[Scraped caption text data]
- - - - - - -

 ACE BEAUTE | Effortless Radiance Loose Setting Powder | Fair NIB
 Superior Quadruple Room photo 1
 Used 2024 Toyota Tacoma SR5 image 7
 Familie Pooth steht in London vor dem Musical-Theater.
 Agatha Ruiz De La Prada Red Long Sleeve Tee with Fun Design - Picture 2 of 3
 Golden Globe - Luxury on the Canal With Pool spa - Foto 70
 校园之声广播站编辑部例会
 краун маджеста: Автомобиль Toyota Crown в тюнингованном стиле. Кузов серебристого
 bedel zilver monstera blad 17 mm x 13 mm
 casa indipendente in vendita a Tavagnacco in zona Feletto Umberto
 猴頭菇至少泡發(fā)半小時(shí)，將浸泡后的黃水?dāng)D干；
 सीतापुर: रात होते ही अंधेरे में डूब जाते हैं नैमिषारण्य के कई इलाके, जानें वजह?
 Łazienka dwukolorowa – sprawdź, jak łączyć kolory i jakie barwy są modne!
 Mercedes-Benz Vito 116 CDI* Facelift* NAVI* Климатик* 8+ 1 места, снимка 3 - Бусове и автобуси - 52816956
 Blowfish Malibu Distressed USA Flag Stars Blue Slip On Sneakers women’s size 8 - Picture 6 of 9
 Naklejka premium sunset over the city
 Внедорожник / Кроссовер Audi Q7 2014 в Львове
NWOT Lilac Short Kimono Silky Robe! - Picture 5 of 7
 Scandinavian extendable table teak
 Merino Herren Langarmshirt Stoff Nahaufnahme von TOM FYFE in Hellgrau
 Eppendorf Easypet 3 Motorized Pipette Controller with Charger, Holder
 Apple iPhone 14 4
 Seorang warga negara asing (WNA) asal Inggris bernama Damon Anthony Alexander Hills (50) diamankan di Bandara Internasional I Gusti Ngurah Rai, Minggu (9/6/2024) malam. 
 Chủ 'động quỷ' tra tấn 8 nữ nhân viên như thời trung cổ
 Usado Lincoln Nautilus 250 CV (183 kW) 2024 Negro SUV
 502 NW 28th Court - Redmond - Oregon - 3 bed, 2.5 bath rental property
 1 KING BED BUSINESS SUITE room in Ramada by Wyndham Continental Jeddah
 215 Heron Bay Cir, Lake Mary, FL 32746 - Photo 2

- - - - - - -

To do: Read through the entries above, and wherever a line holds the string "Picture", copy it.

Response area:
 Agatha Ruiz De La Prada Red Long Sleeve Tee with Fun Design - Picture 2 of 3
 Blowfish Malibu Distressed USA Flag Stars Blue Slip On Sneakers women’s size 8 - Picture 6 of 9
NWOT Lilac Short Kimono Silky Robe! - Picture 5 of 7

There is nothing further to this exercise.